:: TASK GOAL ::
Your task is to write out every line of the data exactly. Drop the pictures.

*** DATASET EXTRACT ***

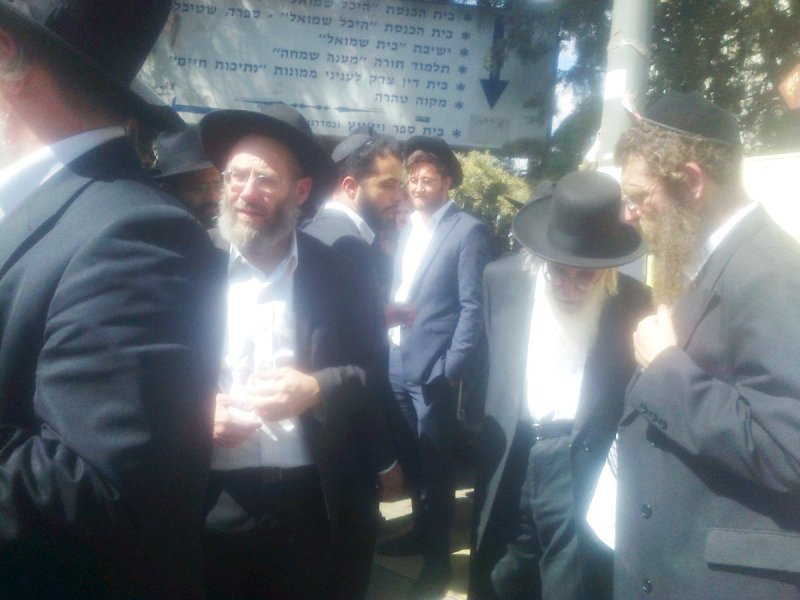 באדיבות המצלם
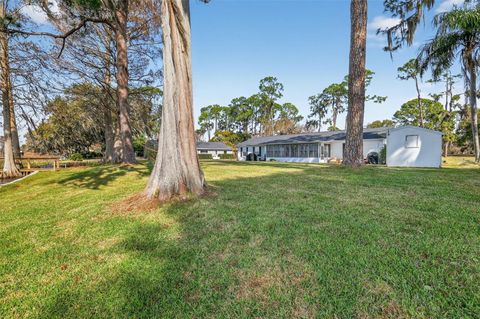 Tiny photo for 33225 Lakeshore Drive, Tavares, FL 32778 (MLS # G5108512)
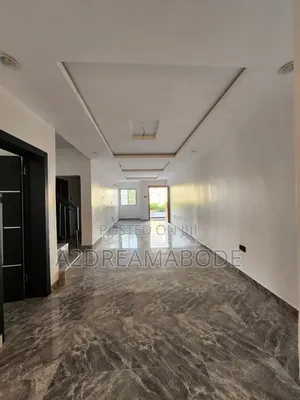 3 Bedroom Duplex for Rent in Maryland, Mende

*** End of DATASET EXTRACT ***

:: TASK SOLUTION ::
 באדיבות המצלם
 Tiny photo for 33225 Lakeshore Drive, Tavares, FL 32778 (MLS # G5108512)
 3 Bedroom Duplex for Rent in Maryland, Mende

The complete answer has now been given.